Ein absolut glaubwürdiges Szenario und schöner Schlamassel, in den sich Mister Tavish, toller Hund und psychologisches Superhirn, in Meg Rosoffs famoser Familiengeschichte Glück für alle Felle begibt.
Nur die sonst sehr kluge Kinderbuchexpertin Ute Wegmann hat in ihrer Radiosendung den ziemlich dummen Einwand vorgebracht, das sei ja ein Frauenbild wie aus den 50ern. Blödsinn, denn erstens hat Mama Peachey einen guten Job als Buchhalterin, dem sie unverändert nachgeht. Und zweitens ist es in jeder modernen Familie nachweislich so, dass die Mütter am meisten im Haushalt arbeiten, neben ihren bezahlten Jobs, in ihrer Freizeit. Weil es auch nach mindestens 50 Jahren Frauenbewegung, Gleichberechtigung und Emanzipation immer noch nicht klappt mit der fairen Arbeitsteilung. Meg Rosoffs vermeintlich harmlose Tiergeschichte hat es also in sich.

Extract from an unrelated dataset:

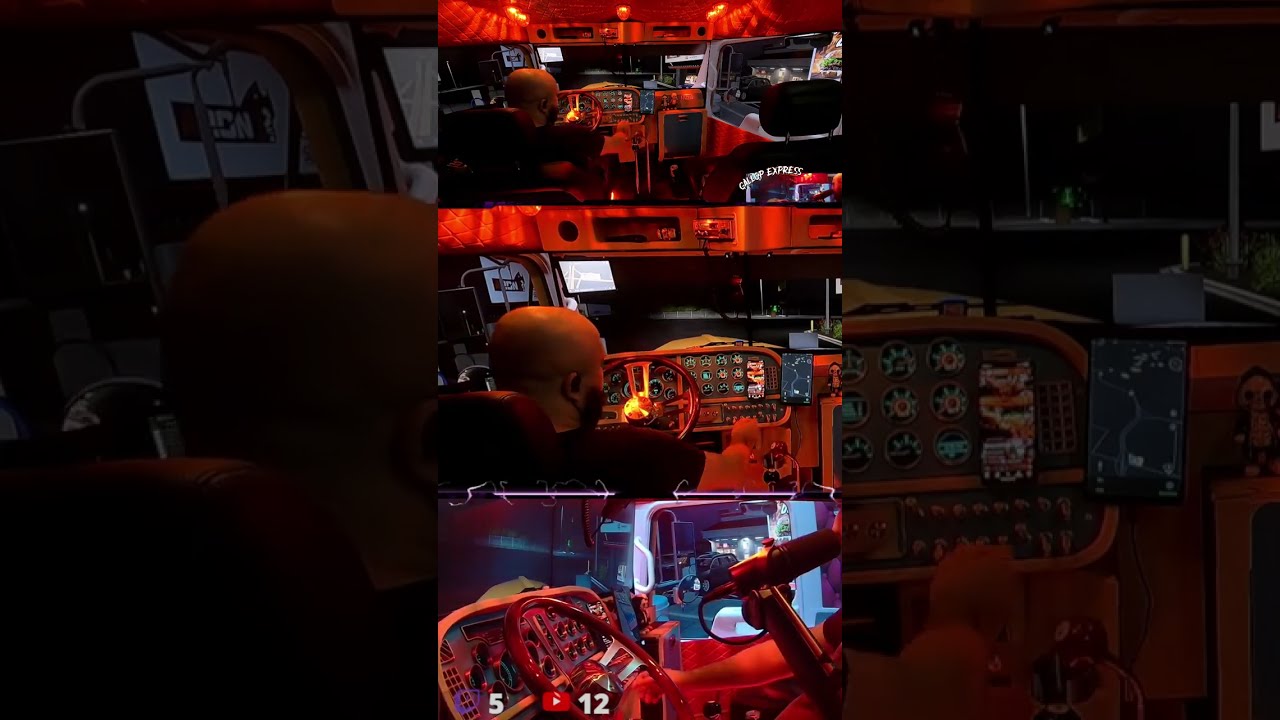 ATS Kenworth W900 Long-Haul | American Truck Simulator LIVE | DIY Full ...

Keine pflegeleichte Familie

Der andere raffinierte Dreh ist, dass der Hund die Familie adoptiert: »Er spürte sofort, dass sie nicht zu den pflegeleichten Familien gehörte. Ob sie schon sehr früh traumatisiert worden waren oder von Natur aus schwierig, konnte Mister Tavish natürlich nicht wissen. Aber er wusste, sie zu adoptieren würde Geduld, Disziplin und harte Arbeit erfordern … Doch es war schon zu spät. Mister Tavish hatte sich in die Peacheys verliebt.«
Nach Eoin Colfers Der Hund, der sein Bellen verlor ist jetzt auch Meg Rosoff auf den Hund als besonderes Familienmitglied gekommen. Wobei sie bereits 2013 in Alles was ich weiß über dich der zwölfjährigen Mila auch ein paar bemerkenswerte Fähigkeiten verliehen hat.

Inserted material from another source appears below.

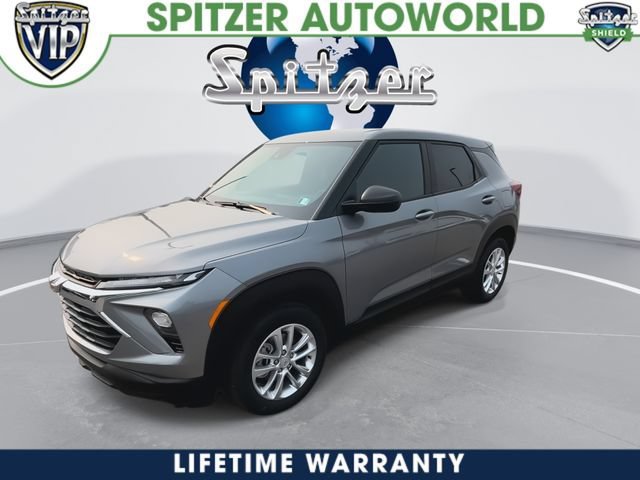 2026 Chevrolet Trailblazer LS Gray at Spitzer Autoworld Chevy Buick GMC Cadillac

Soziopathen sondieren herrenlose Hunde

Besondere Bilder, pointierte Dialoge und grandiose Situationskomik machen auch den Charme dieser Geschichte aus. Während Vater Peachey zunächst »unverbindlich die Lage im Tierheim sondieren will«, bekommt er von seiner 14-jährigen, existenzialistisch angehauchten Tochter Ava bescheinigt, er sei ein Soziopath. Im Geiste schreibt Ava das Buch »Erinnerungen an eine zerrüttete Kindheit«, während der zwölfjährige Ollie seinem Vater klar macht, wie alt er tatsächlich ist: »Zu deiner Zeit sind noch Dinosaurier über die Erde gewandert.«
Wirklich bei Verstand ist abgesehen von der streikenden Mutter nur die achtjährige Betty, neben dem smarten Hund die wahre Heldin der Geschichte.

Famoses Familienporträt, Fortsetzung folgt

Brigitte Jakobeit, seit So lebe ich jetzt von 2005 Meg Rosoffs zuverlässige Übersetzerin, überträgt diese Geschichte für jüngere Leser erfrischend witzig und wohltuend klar (so schreibt sie zum Beispiel »Unterhosen« statt des alberner Begriffs »Schlüpfer«).
Man hätte dem Buch nur einen weniger kalauernden Titel gewünscht, im Original heißt die Geschichte Good Dog, Mister Tavish. Good book, Mrs Rosoff, indeed. Ein entzückendes, wenn auch schmales Familienporträt, das im Frühjahr fortgesetzt wird unter dem Titel (man ahnt es) Ferien für alle Felle.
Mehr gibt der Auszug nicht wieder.